Write out each record below exactly as it appears, with no pictures.

── DATA SHOWN ──

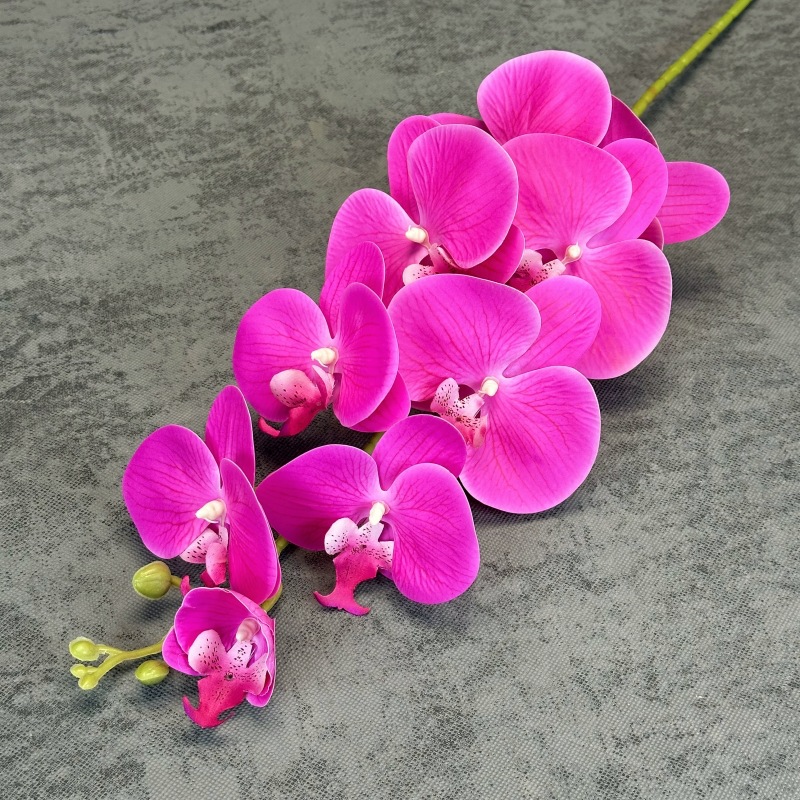 Película de 9 cabezas Phalaenopsis 3D impresión mano-sensación flor artificial boda Home Hotel decoración flor falsa al por mayor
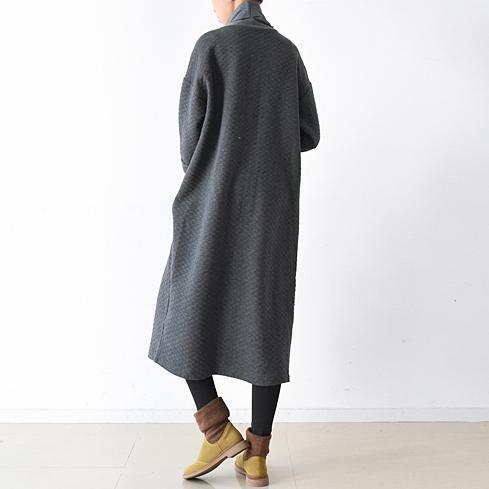 V print dust gray warm cotton dresses winter maxi dress caftans - Omychic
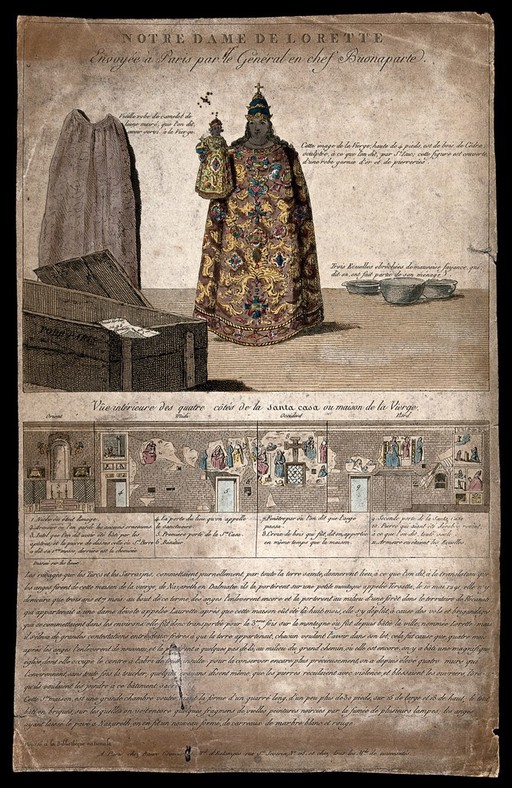 The sculpted image of the Holy Virgin of Loreto, a robe and three plates supposed to be used by the Virgin as they were sent to Paris by General Buonaparte; underneath is a view of the Casa Santa at Loreto. Etching.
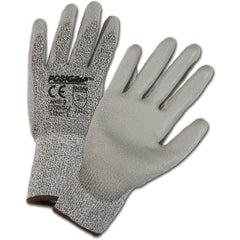HPPE High Performance Yarn Shell, Gray Polyurethane Palm Cut Resistant Gloves Large - Exact Tool & Supply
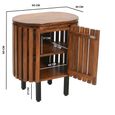 Slatted Bedside Table - 1 Door - Slatted - Mango Wood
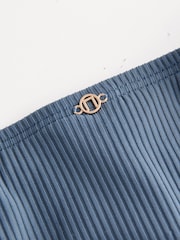 Steel Blue Rib Tanga Bikini Bottoms - Image 8 of 8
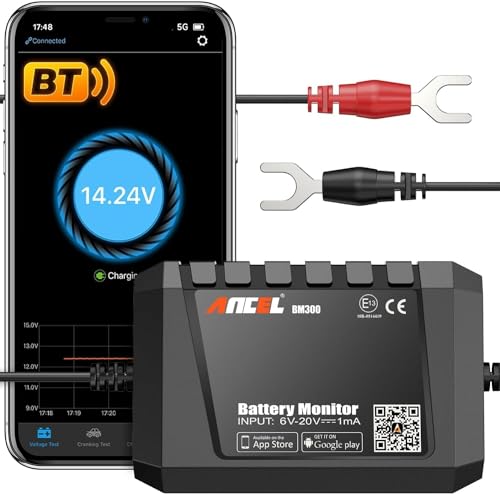 ANCEL BM300 12V Battery Monitor, Bluetooth 4.0 Automotive Voltmeter with Charging, Cranking System Test & Alarm - Compatible for Solar Power Systems, RVs, Motorcycles, Boats, Cars, and Trucks - color: Black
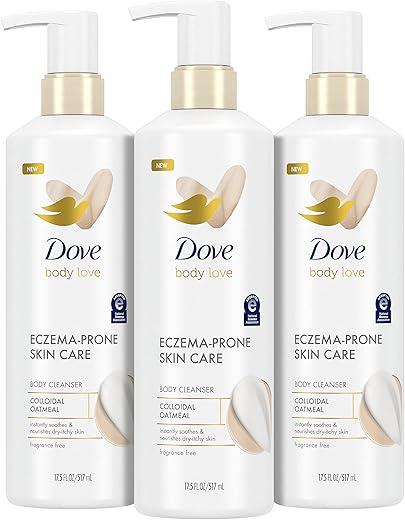 Body Love Sabonete Líquido para Pele com Tendência a Eczema, Aveia Coloidal, 3 Unidades, Sem Fragrância – Hidratação Instantânea - Dove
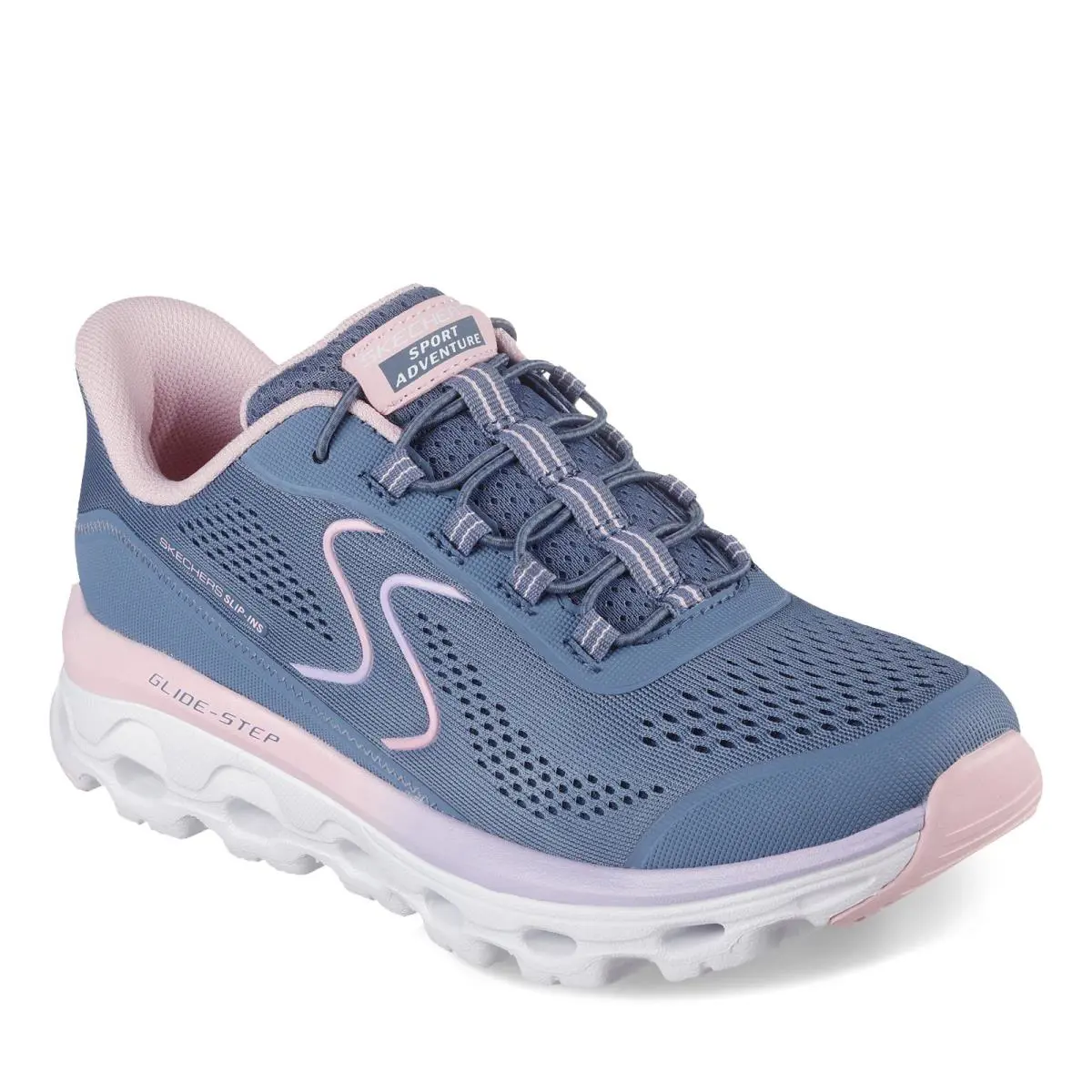 Women`s Skechers Slip-ins: Glide-step Sole Walking Shoe 180272-SLTP Slate Fabri - Slate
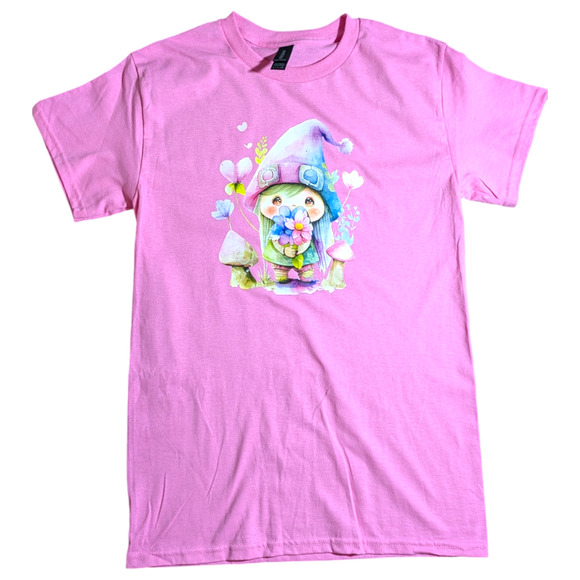 Cute - Gnome with Flowers - Graphic Tee - Pink - Size S - NWOT All Genders - Picture 1 of 7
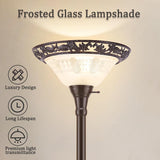 Torchiere Floor Lamp - 70" Victorian Floor Lamp with with Etched Glass Shade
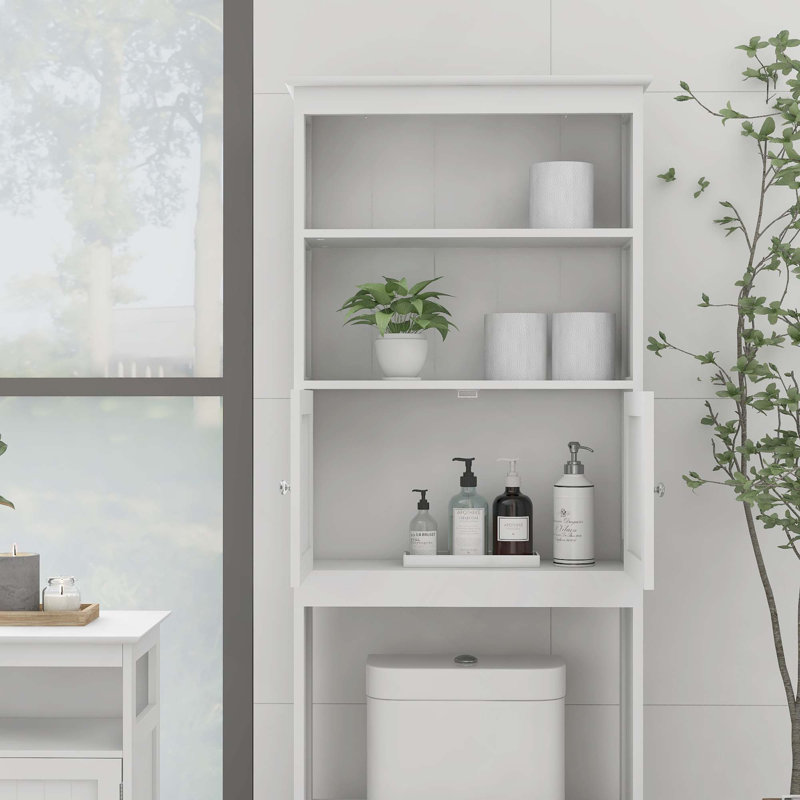 Étagère de rangement autoportante à 2 niveaux pour salle de bain avec 2 portes et armoire de rangement en bois pour un rangement efficace dans la salle de bain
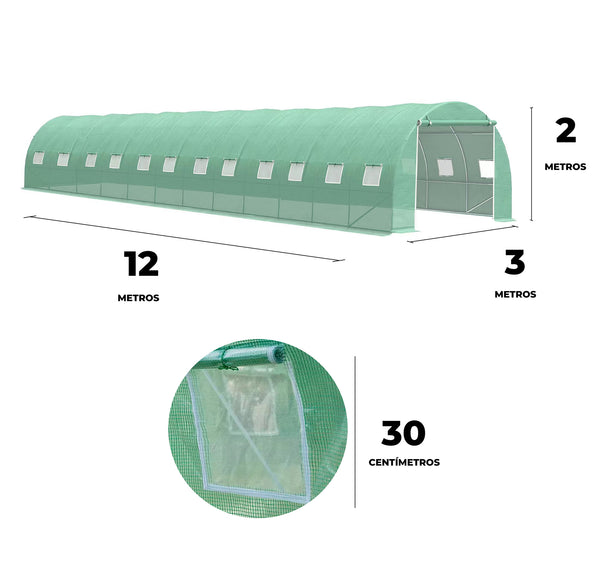 Invernadero Túnel Armable 12x3x2m (36m²)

───

▶ _SOLUTION TO THIS EXERCISE_:
 Película de 9 cabezas Phalaenopsis 3D impresión mano-sensación flor artificial boda Home Hotel decoración flor falsa al por mayor
 V print dust gray warm cotton dresses winter maxi dress caftans - Omychic
 The sculpted image of the Holy Virgin of Loreto, a robe and three plates supposed to be used by the Virgin as they were sent to Paris by General Buonaparte; underneath is a view of the Casa Santa at Loreto. Etching.
HPPE High Performance Yarn Shell, Gray Polyurethane Palm Cut Resistant Gloves Large - Exact Tool & Supply
 Slatted Bedside Table - 1 Door - Slatted - Mango Wood
 Steel Blue Rib Tanga Bikini Bottoms - Image 8 of 8
 ANCEL BM300 12V Battery Monitor, Bluetooth 4.0 Automotive Voltmeter with Charging, Cranking System Test & Alarm - Compatible for Solar Power Systems, RVs, Motorcycles, Boats, Cars, and Trucks - color: Black
 Body Love Sabonete Líquido para Pele com Tendência a Eczema, Aveia Coloidal, 3 Unidades, Sem Fragrância – Hidratação Instantânea - Dove
 Women`s Skechers Slip-ins: Glide-step Sole Walking Shoe 180272-SLTP Slate Fabri - Slate
 Cute - Gnome with Flowers - Graphic Tee - Pink - Size S - NWOT All Genders - Picture 1 of 7
 Torchiere Floor Lamp - 70" Victorian Floor Lamp with with Etched Glass Shade
 Étagère de rangement autoportante à 2 niveaux pour salle de bain avec 2 portes et armoire de rangement en bois pour un rangement efficace dans la salle de bain
 Invernadero Túnel Armable 12x3x2m (36m²)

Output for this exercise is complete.